A FIFA ainda frisa que não ordenou que o “Brasil construísse 12 estádios caros”. Embora talvez a gente nunca fique sabendo quantos estádios a FIFA realmente pediu é fato que a entidade exige sim “estádios modernos... belos... de nível artístico”. O relatório de 228 páginas da FIFA “Estádios de futebol: Recomendações Técnicas e Requisitos”, que é considerado o guia dos estádios de futebol do século 21, com certeza deixa a impressão de que os estádios não só podem como devem ser caros. O lounge VIP da FIFA, por exemplo, exigido pela entidade, deve ser grande o suficiente para acomodar 500 convidados por partida em cada local e 2 mil pessoas nos locais de abertura e encerramento dos jogos. Somado a outras exigências de hospitalidade isso só pode ser considerado como um monstruoso desperdício, como despesas de luxo. Na África do Sul foi bem documentado que a FIFA exigiu a construção de um novo estádio moderno em Cape Town simplesmente por causa de seu preconceito de classe com Athlone, uma comunidade de trabalhadores onde já existia um estádio viável.
Agora a FIFA também diz que não é culpada por remoções forçadas. Isso é uma meia verdade. O fato é que as remoções forçadas ocorreram antes da Copa do Mundo e fazem parte da síndrome elitista “World Class City” que tem assolado países ao redor do mundo.

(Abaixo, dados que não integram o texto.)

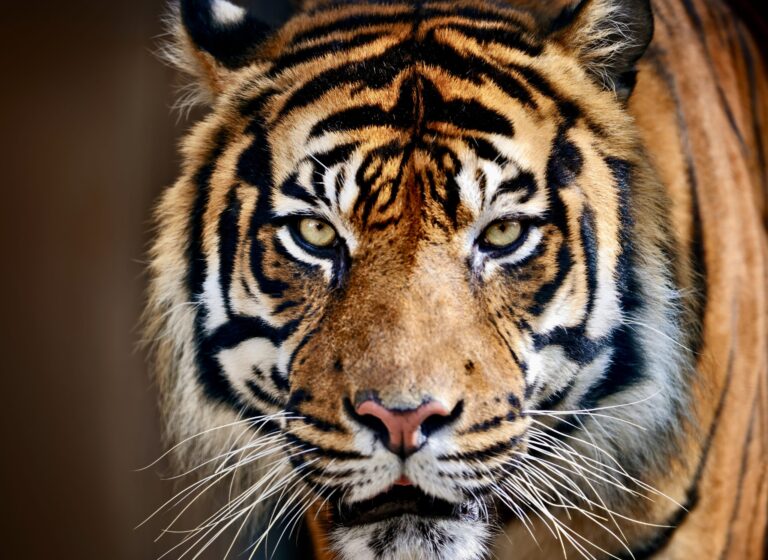 Born Free USA Calls For A Phase-Out Of Keeping & Breeding Big Cats In Captivity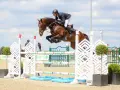 Un cavalier et son cheval, un étalon kannan, franchissent un obstacle lors d'une compétition d'équitation.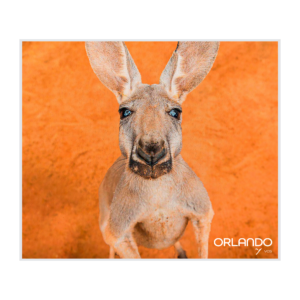 Lovely Kangaroo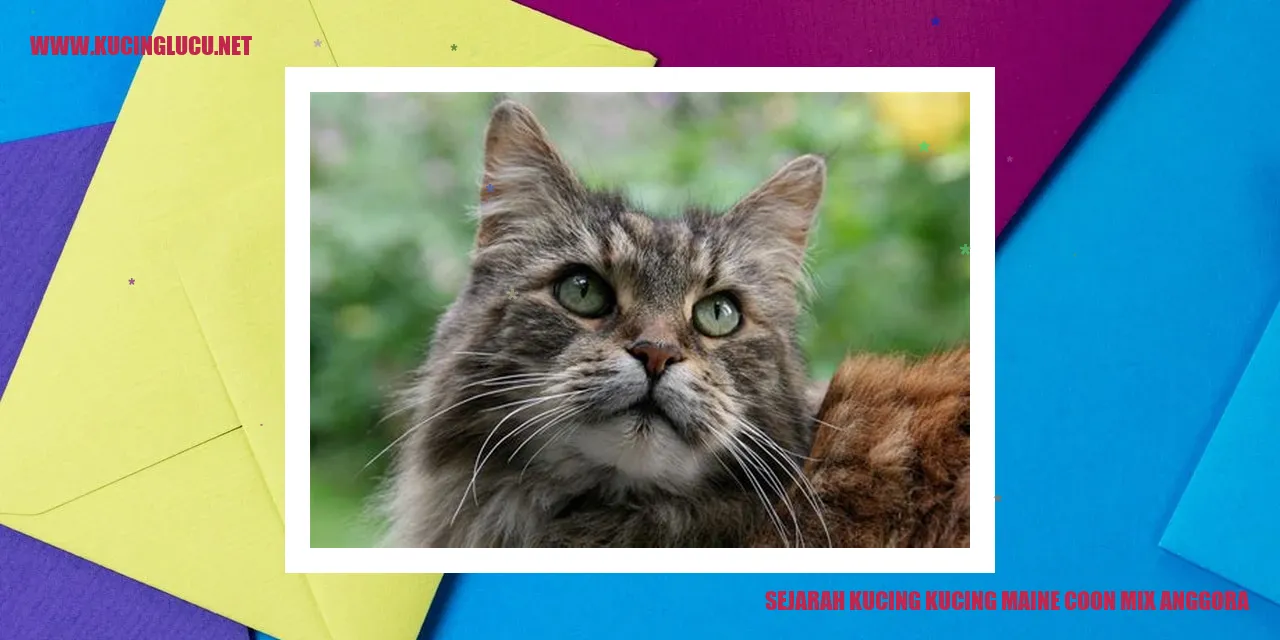 Kucing Maine Coon Mix Anggora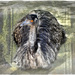 Emu with a new background. by ludwigsdiana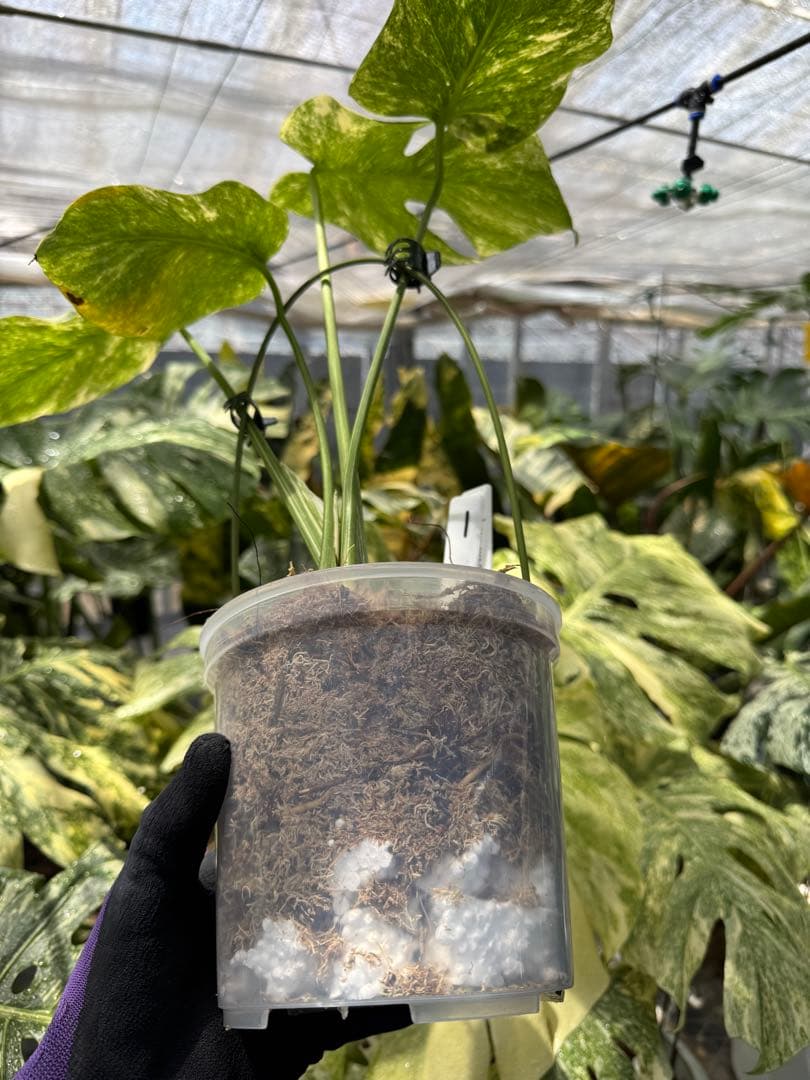 1 モンステラ レガシー カット苗 しっかり発根・健康株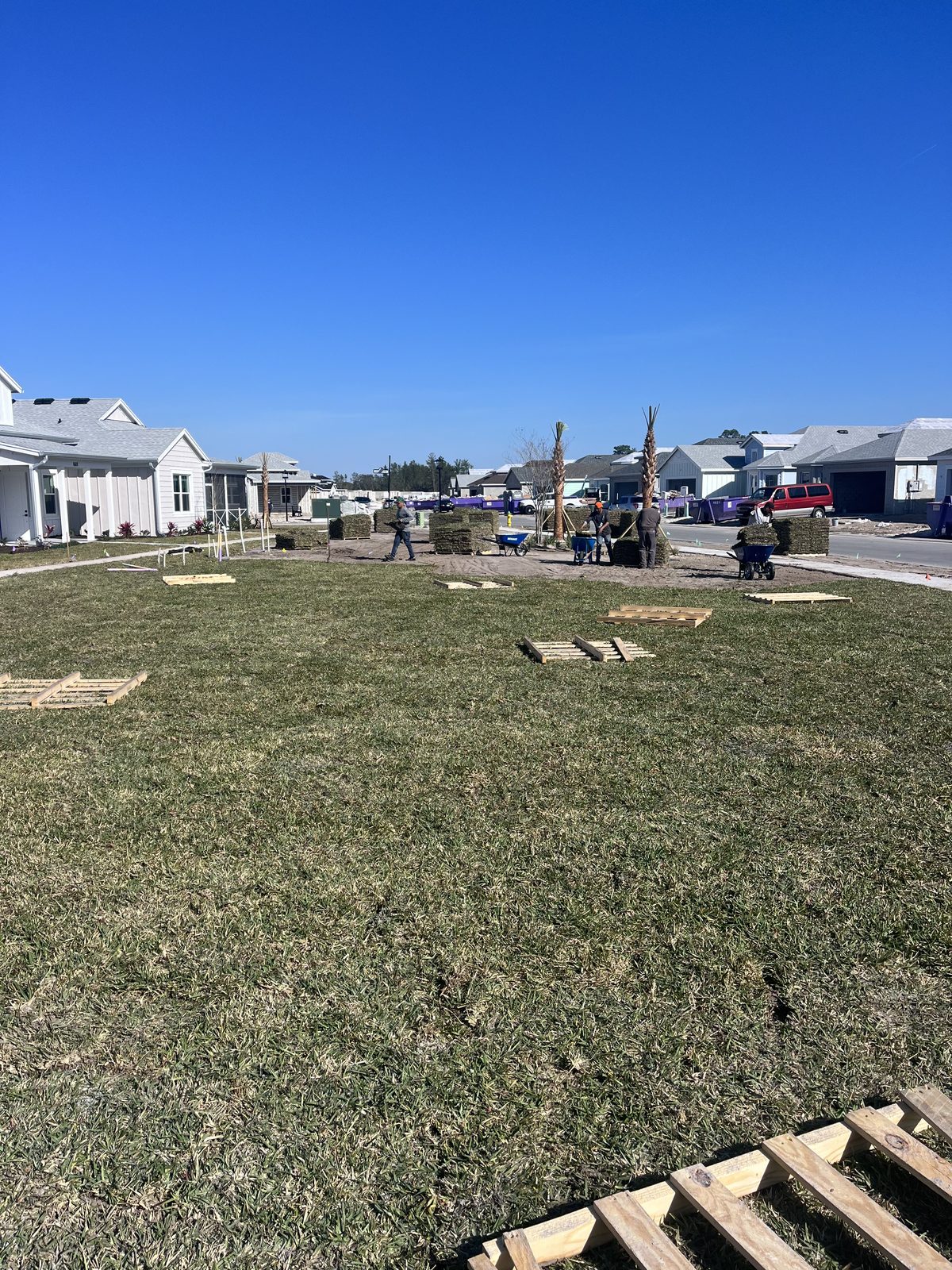 Crew laying sod on site
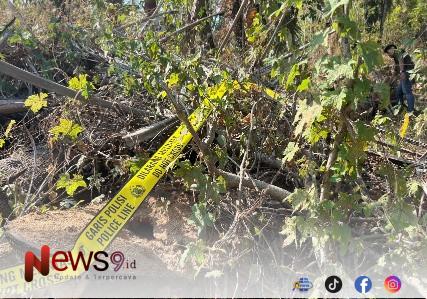 FOTO: Barang bukti fisik berupa bagian pohon produktif yang diduga ditebang tanpa izin. @by_News9.id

Finalmente a FIFA se esforça para provar que a Copa do Mundo não deixa o país anfitrião com “problemas sociais, econômicos e ecológicos“, que gastou US$ 182 milhões de dólares com o legado esportivo na África e que o evento respeita as questões ambientais. Novamente, meias-verdades: a FIFA teve o maior lucro da história da Copa do Mundo na África do Sul – cerca de US$ 2,3 bilhões de dólares – e o país teve que arcar com custos que ultrapassaram em 1.708% o previsto. Além disso, a Copa do Mundo de 2010 foi considerada o torneio mais poluente até agora.
Para todos os efeitos, a Copa do Mundo Brasil 2014 vai deixar um “legado” ainda maior do que a da África do Sul, que entrou para a história como o torneio mais caro e poluente da história da Fifa.
Eddie Cottle é o editor do livro “Copa do Mundo na África do Sul: Legado para quem?”. Ele é um pesquisador do Labour Research Service localizado na Cidade do Cabo.